The letter states that “without a standardised, agreed and legal basis set out in regulations, there will be additional confusion in an already impossible situation. It will be very difficult for Sepa to agree different timetables for each of the thousands of small producers impacted by the scheme”.
In a joint statement, the trade associations said: “There are now only a few weeks left to save thousands of small producers that will be banned from selling bottles and cans in Scotland from August. They lack the finances and resources to meet the scheme’s requirements on time and need an 18-month legal grace period in the regulations and the option to opt in.
“Without this certainty it’s likely that consumers will lose out through reduced consumer choice and increased prices.”
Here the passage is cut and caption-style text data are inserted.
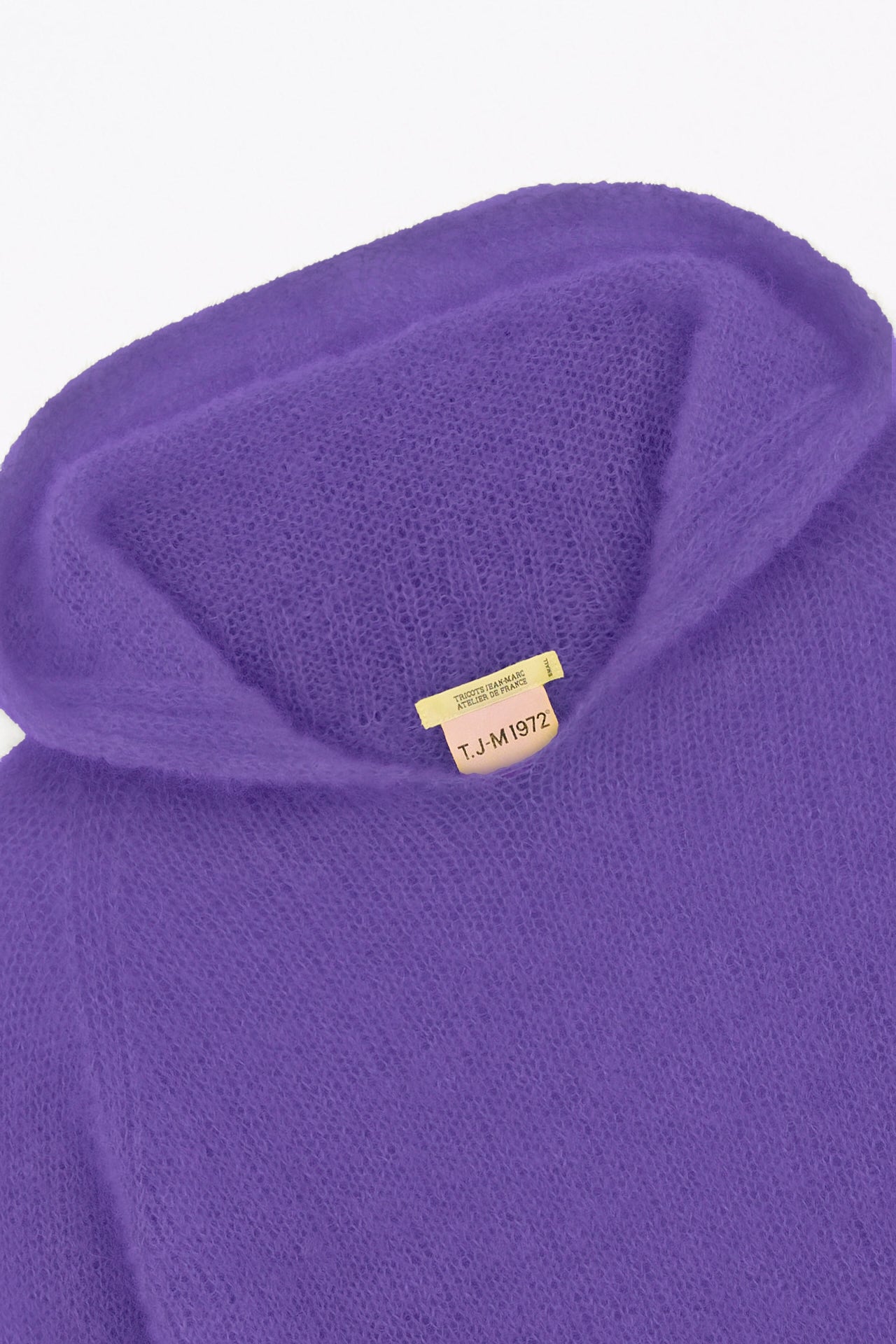 Produit Anouch capuche violet confectionné par la marque Parisienne Tricots Jean Marc 1972.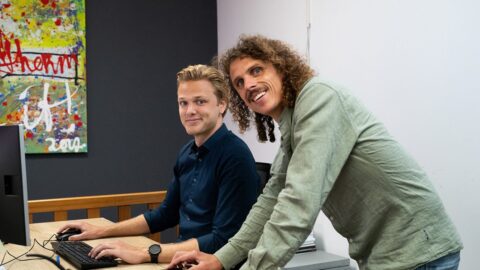 Twee medewerkers van Engeltherm kijken lachend vanaf het bureau naar de camera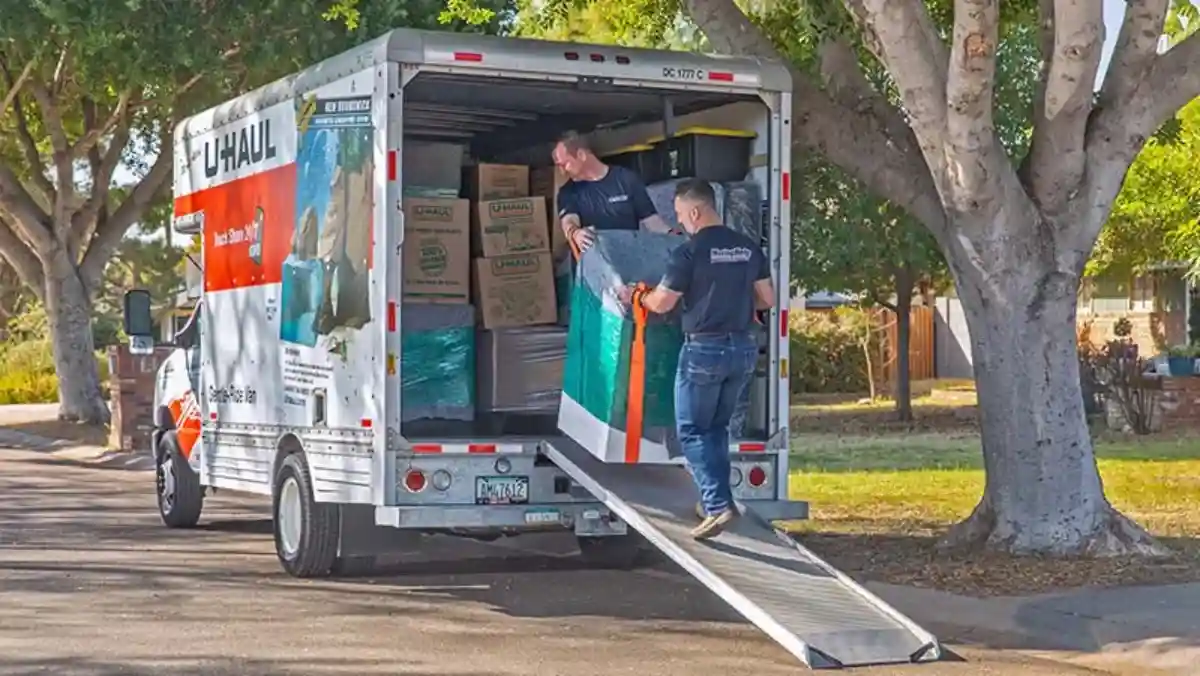 Two Moving Help moving labor providers carefully load a washing machine into a U-Haul truck rental.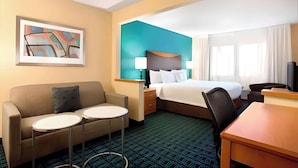 A hotel room with a bed, a sofa, two small tables, a desk, a TV, and a painting on the wall. - Dubuque Inn & Suites (Dubuque)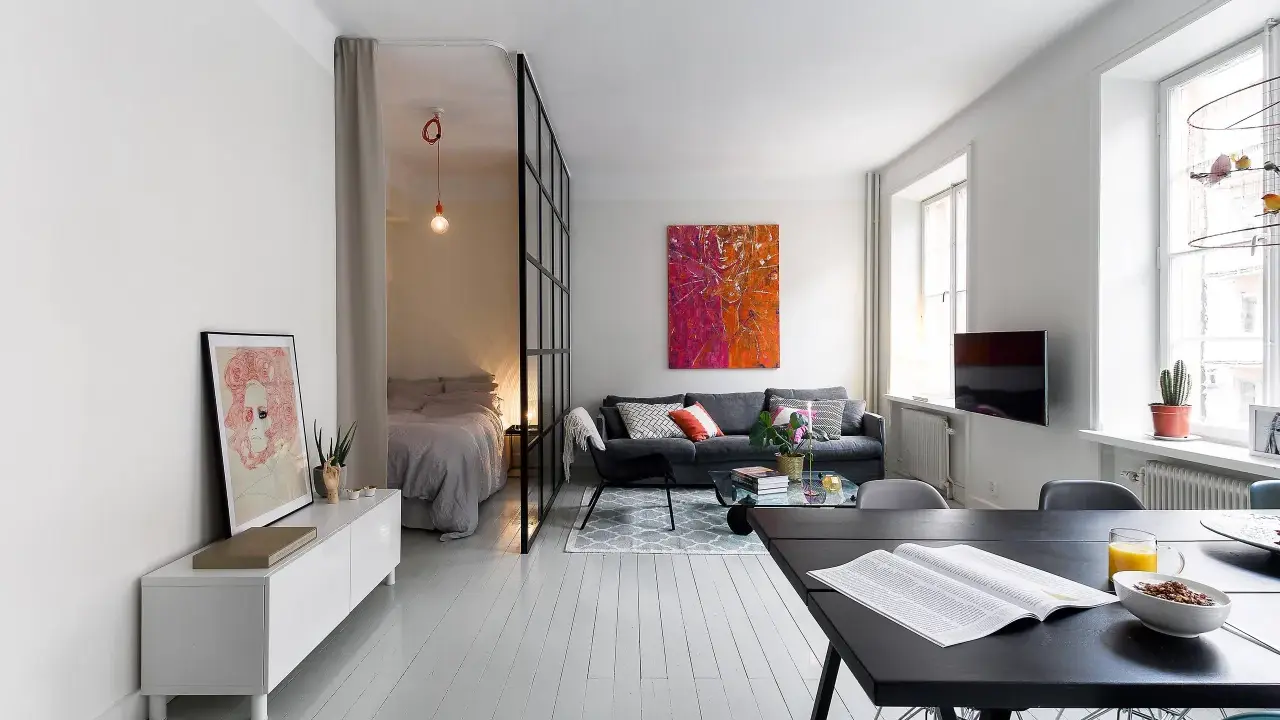 Ljus och modern lägenhet med avdelat sovrum bakom glasvägg. Perfekt kattvind inspiration för små utrymmen.
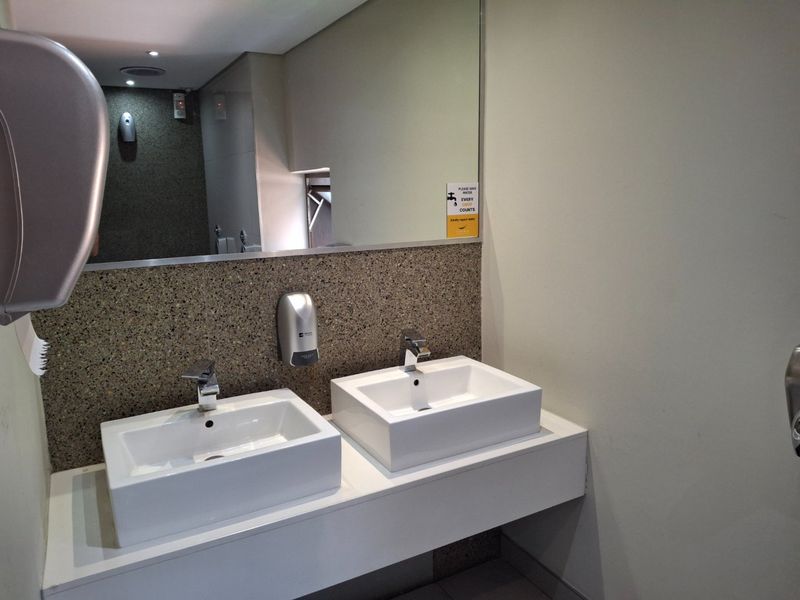 Modern commercial bathroom featuring a double vanity with vessel sinks, chrome faucets, and a large wall-mounted mirror.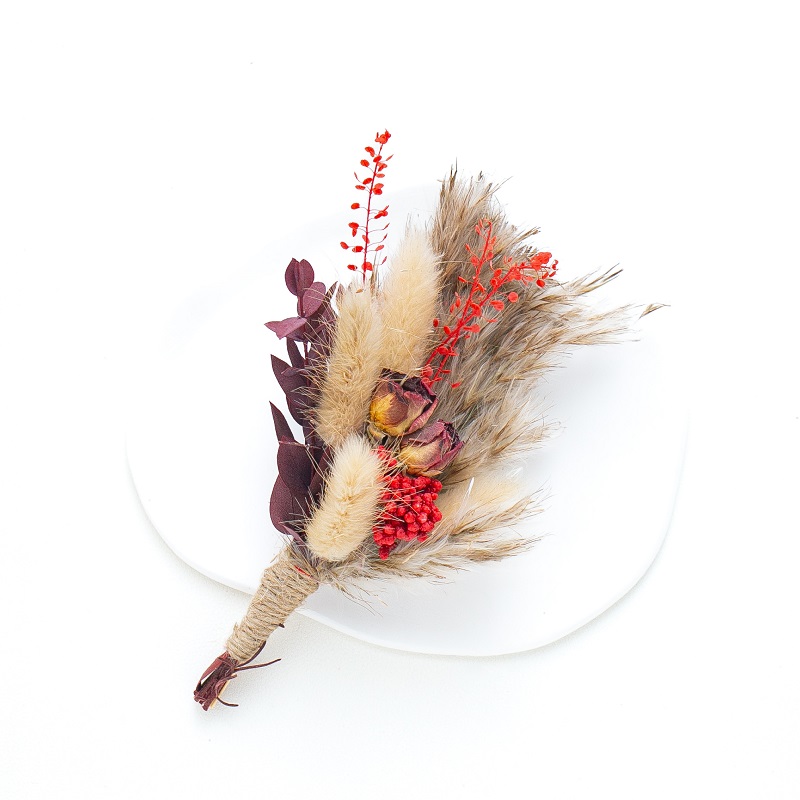 brown and red bunny tail buttonhole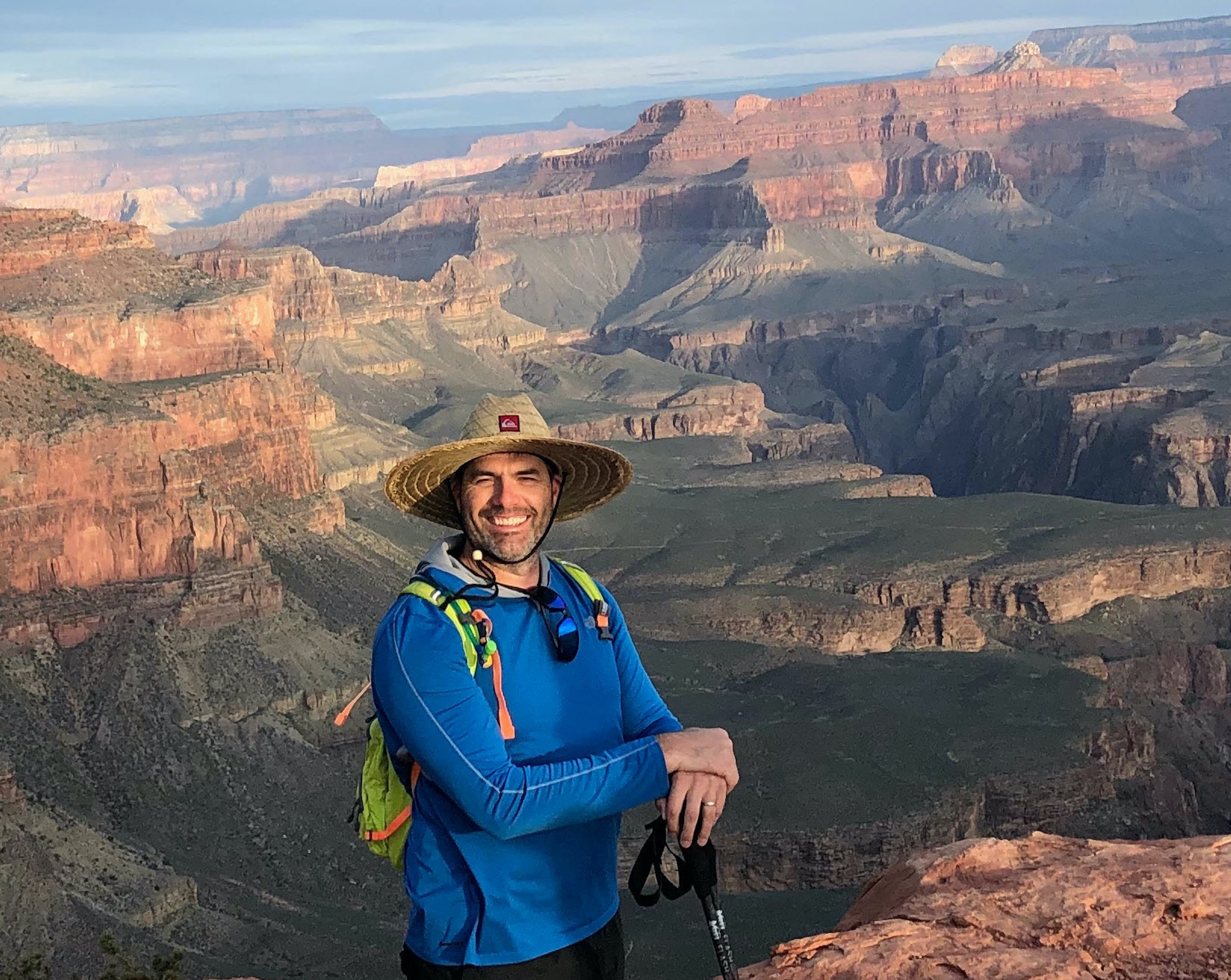 Jeff in front of the beautiful, mountainous Grand Canyon landscape.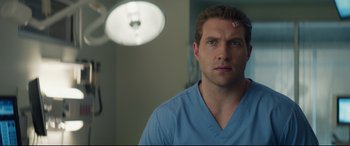 Movie still from “Terminator Genisys” (2015), directed by Alan Taylor – A man in a blue shirt is in a hospital room; Close Up shot, Over the shoulder angle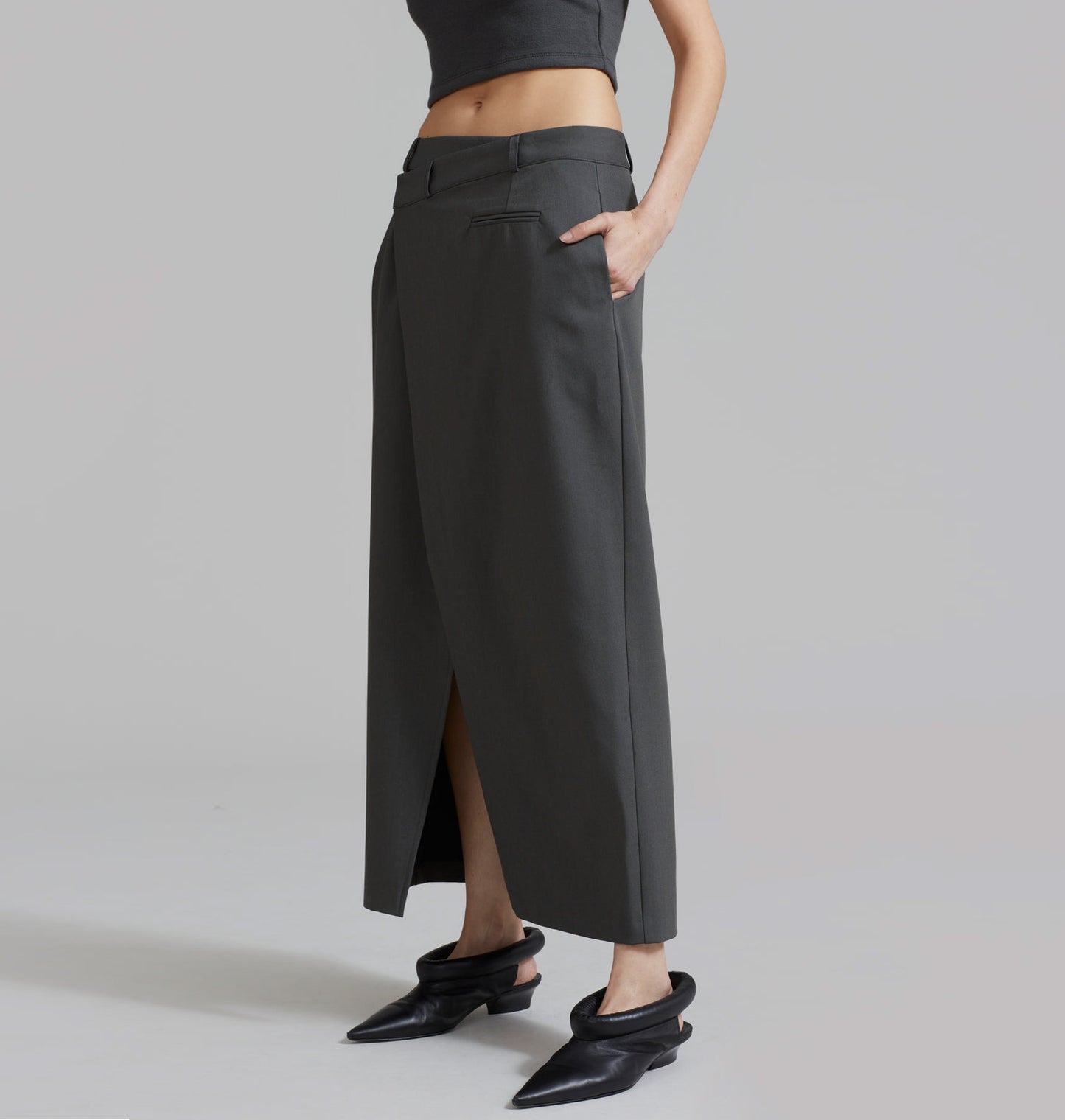 Asymmetrical waist tailored wrap skirt.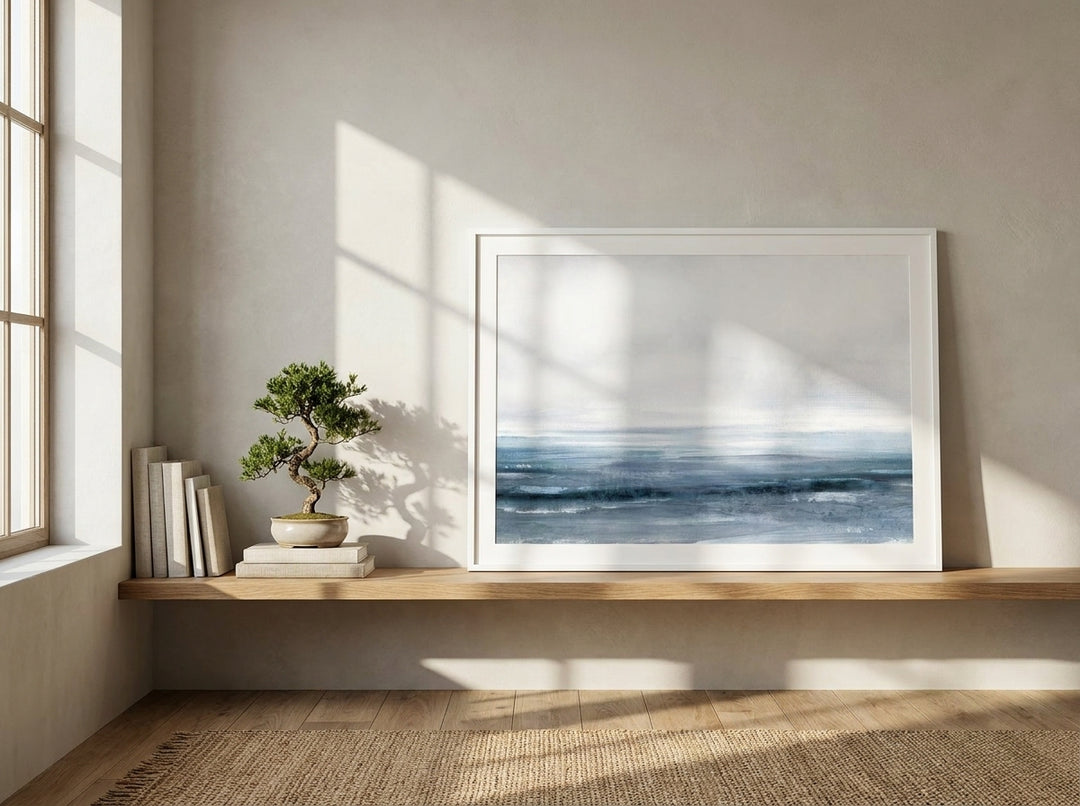 Modern wall art print standing on a shelf in a warm Japandi home office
The SWA has been collaborating with the Society of Independent Brewers, the Wine and Spirits Association, the Scotch Whisky Association and Scotland Food & Drink to explore ways to protect wholesalers that are importers and/or producers via a grace period.
SWA chief executive Colin Smith added: “A grace period will allow them to overcome the significant challenges they still face in trying to get ready to go live with DRS because there remain fundamental unanswered questions on key issues such as VAT, price-marked packs, IT system requirements, and what happens to stock in bonded warehouses.
“In addition, our request for a de-minimis on SKUs below a 50,000 unit per annum threshold would protect the availability and choice of a wide range of unique or limited low-volume SKUs that many wholesalers and their customers stock. This differentiates their offering versus their competitors.”